Yiping Wang 王宜平

alt text 

Yiping Wang
Email: ypwang61@cs.washington.edu

Google Scholar / X / Github / LinkedIn

About me

I'm a Ph.D. student (2023.9 - Present) in Paul G. Allen School of Computer Science & Engineering at University of Washington, fortunate to be advised by Prof. Simon Shaolei Du. I am also a Member of Technical Staff at XAI.

From June 2024 to November 2025, I interned at Microsoft, where I was fortunate to be advised by Yelong Shen and Shuohang Wang. Prior to UW, I studied Computer Science and Mathematics at Zhejiang University, where I earned an honors degree from Chu Kochen Honors College.

My long-term research goal is to develop safe and scalable AI systems with super-human capabilities that can drive significant scientific progress. Recently, I'm focusing on reinforcement learning for reasoning in large language models and AI for math. I have also explored diverse topics, including multimodal and machine learning theory.

Key News

  • 11/2025: Release ThetaEvolve. It enables RL training on dynamic environments like AlphaEvolve, and scales test-time learning (pure inference or RL training) for evolution on open optimization problems. We show that an 8B model can achieve better best-known bounds on open problem like Circle Packing under ThetaEvolve.

  • 11/2025: Release RLVE, where we scale RL with adaptive, verifiable environments with auto-tuning difficulty for model capability frontiers.

  • 10/2025: Honored to receive the Amazon AI Ph.D. Fellowship!

  • 05/2025: Release Spurious Rewards, which uses RLVR with random reward to incentivize the reasoning capability of pretrained models.

  • 05/2025: Present One-Shot RLVR in BAAI Talk.

  • 04/2025: Release One-Shot RLVR (Code, X), rank as #1 Paper of the day on HuggingFace Daily Papers! We find that with a strong base model, RLVR can improve LLM reasoning with only one proper training example.

  • 12/2024: Release a new video generation benchmark StoryEval, showing that current top video generative models can not present multi-event stories like "How to Put an Elephant in a Refrigerator".

  • 06/2024: Start my internship at Microsoft!

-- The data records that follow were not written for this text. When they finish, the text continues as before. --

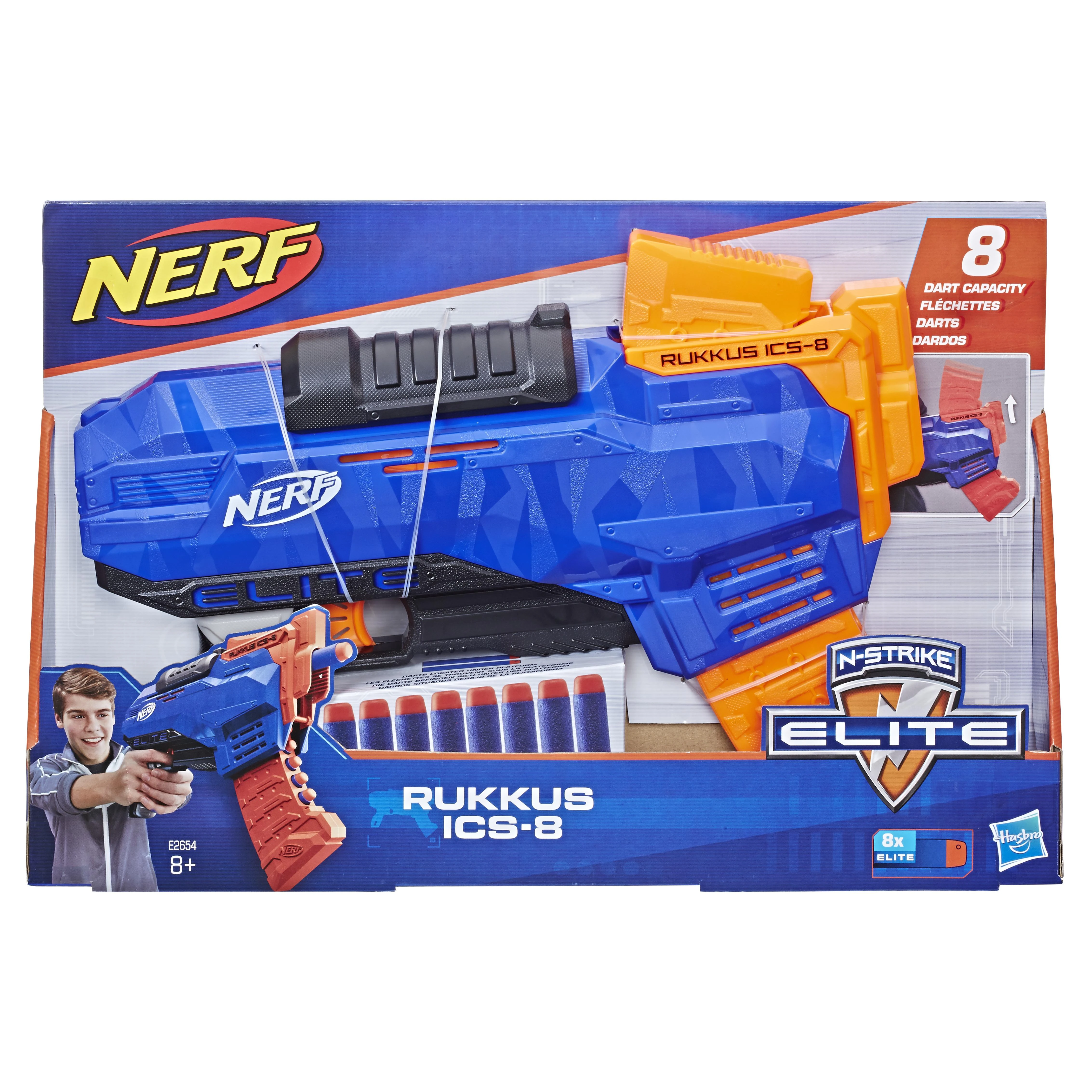 Hasbro HAS NERF šautuvas RUKKUS ICS 8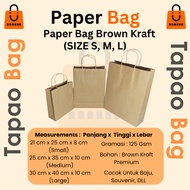 Paper Bag Brown Craft 125 Gsm Shopping Paper Bag - Pcs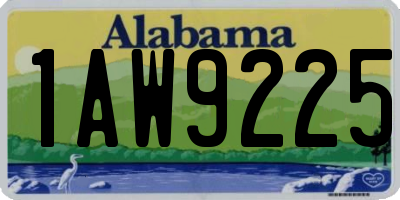 AL license plate 1AW9225
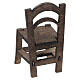 Set table de thé avec chaises en bois 7x6x3,5 cm pour crèche napolitaine 12 cm s6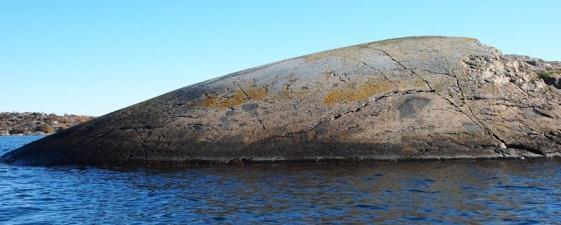 Former i fjell - 1 Et hvalskrottfjell, dannet av breen som skurte på støtsiden
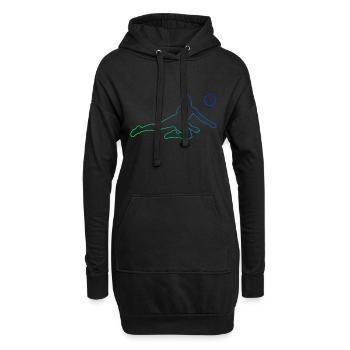 Volley-ball masculin Volley-ball Volley-ball Volley-ball - Sweat-shirt à capuche long Femme - noir - Devant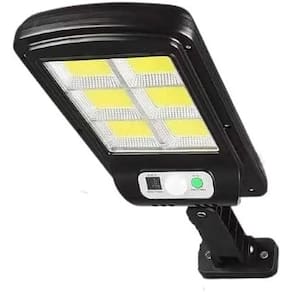Luminária Led Solar 3 Funções C/ Sensor Presença + Controle Remoto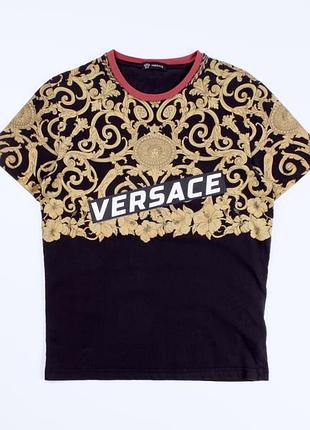 Чоловіча стильна яскрава футболка на короткий рукав gianni versace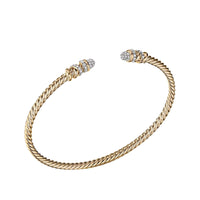 Petite Helena Bracelet in 18K Yellow Gold with Diamonds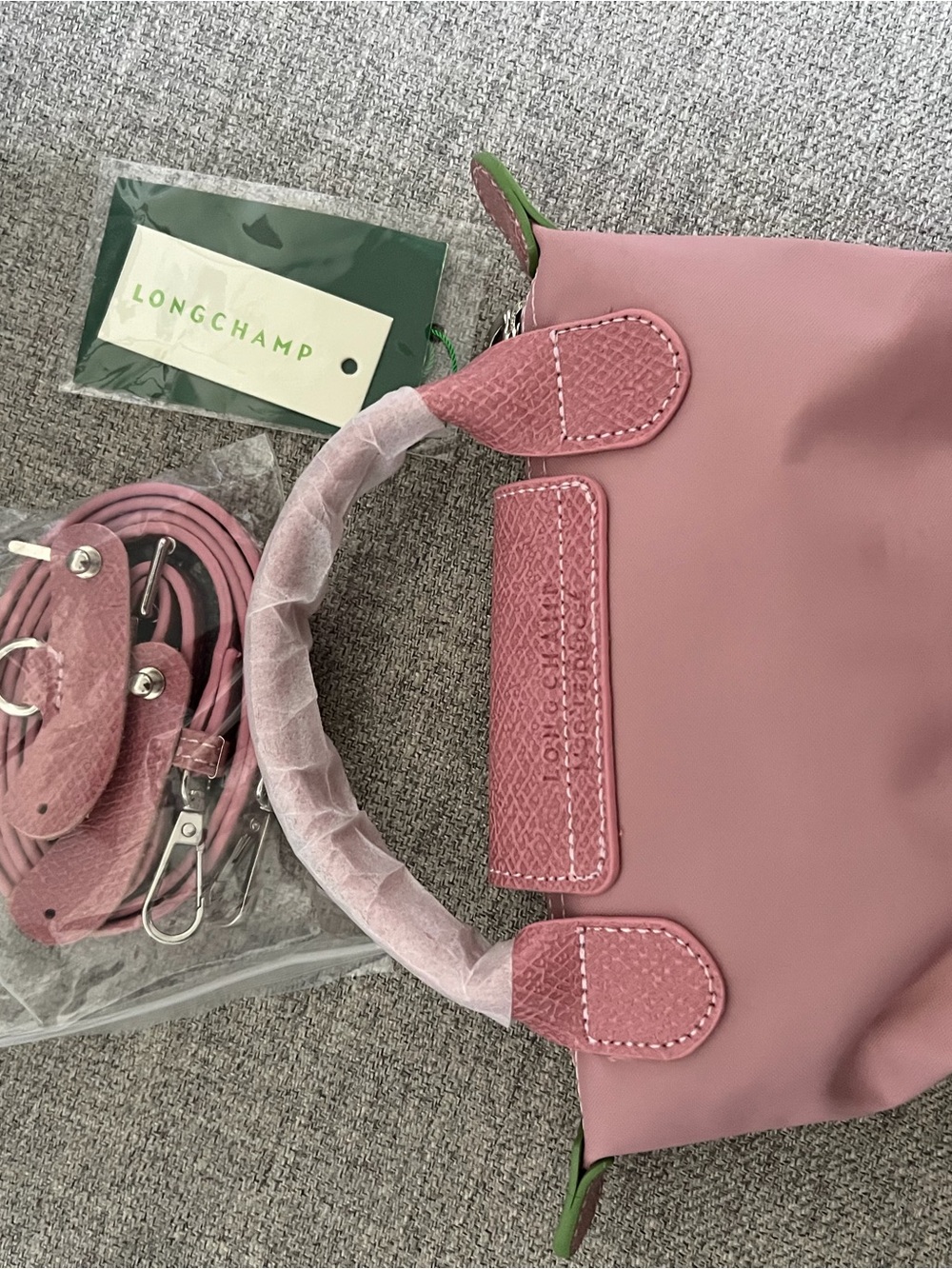 Longchamp Rose Pink Crossbody Le Pliage Tote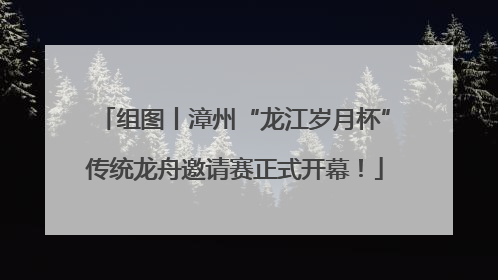 组图丨漳州“龙江岁月杯”传统龙舟邀请赛正式开幕！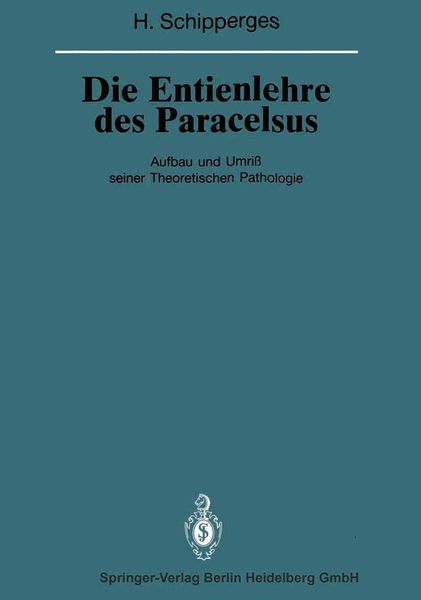 Produktbild: Die Entienlehre des Paracelsus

  • 05/2024: Release CLIPLoss, which designs a simple but efficient data selection methods for CLIP pretraining, gets the new SOTA in DataComp benchmark.

  • 10/2023: Release JoMA, which analyzes the training dynamics of multilayer transformer and characterizes the role of self-attention and MLP nonlinearity.

  • 09/2023: Become a husky in UW!

  • 05/2023: Release Scan&Snap, which analyzes the training dynamics of 1-layer linear transformer with next token prediction loss.